Introducing XAIRA briefly

This worksheet introduces you to some of the key features of the XAIRA software for interrogating the BNC XML edition (BNC-xml). To use the BNC Xml edition you need to install XAIRA and the BNC XML Edition on your computer. You can find instructions about how to do this on the BNC XML website.

1. Getting Started

Start up the XAIRA client by clicking on the bnc-xml.xcorpus icon. Close the big Xaira splash window to access the program window.

At the top of the screen you see the usual Windows menu items (File, Edit, Texts, View, Window, and, on the far right, Help). Immediately below that you can see a row of buttons which we call collectively the Toolbar,

The bottom of the screen contains a message area and a status bar, in which XAIRA posts useful information about its current state.

2. A phrase query

Click on the Phrase query button on the toolbar (it has the letter A on it).

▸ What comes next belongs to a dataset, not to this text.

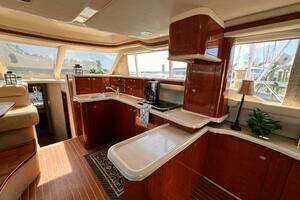 2004 Sea Ray 480 Sedan Bridge thumbnail 14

Type pros and cons into the box and then press Enter.

The cursor will turn briefly into an hourglass while XAIRA searches, and then the Too Many Solutions alert will appear, telling you the result of the search: there are 168 occurrences of this phrase in 142 different texts.

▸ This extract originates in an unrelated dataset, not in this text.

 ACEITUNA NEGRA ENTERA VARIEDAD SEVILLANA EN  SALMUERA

Using the appropriate radio buttons, specify that you would like to download the initial 100 hits, then click on OK.

The solutions to the query will now be downloaded, one by one. According to the default settings, you will see EITHER

The first kind of display is known as a line mode display, the second as a page mode display. You can change the display mode by clicking on the page/line mode button on the toolbar.

This button toggles between displaying solutions one at a time and displaying solutions in one-per-line format. In either mode, you can scroll through the solutions using the PgDn and PgUp keys; in line mode you can also use the up and down arrow keys.

Change to Page mode.

If you look at the status bar, you will see that it now contains additional information. Reading from left to right, you should see something like the following: BNC BNC 1:100(88) A16 1812. This indicates that the name of the corpus being searched is BNC, that the lemmatization scheme in effect is called bnc, that the currently highlighted solution is number 1 of 100 chosen from 88 different texts, and that it comes from text A16 at sentence number 1812.

Select line-mode display and press the Down arrow key a few times.

Note the dashed lines surrounding what is known as the current solution. Information about this solution is displayed on the status bar at the bottom of the screen.

You can get further information about the current solution by clicking on the Bibliographic data button on the toolbar. This will tell you exactly what text the solution comes from. Click on OK to close the Source Description popup.

Now click the right mouse button.

A menu appears from which you can choose, inter alia, to

3. Sorting solutions

Switch to Line mode and Custom or Plain format. Find the Sort button on the toolbar (it has letters A and Z with an arrow beside them), and click on it.

A dialogue box appears in which you can specify how the concordance lines should be sorted. You can indicate how many words are to be considered when sorting using the Span window.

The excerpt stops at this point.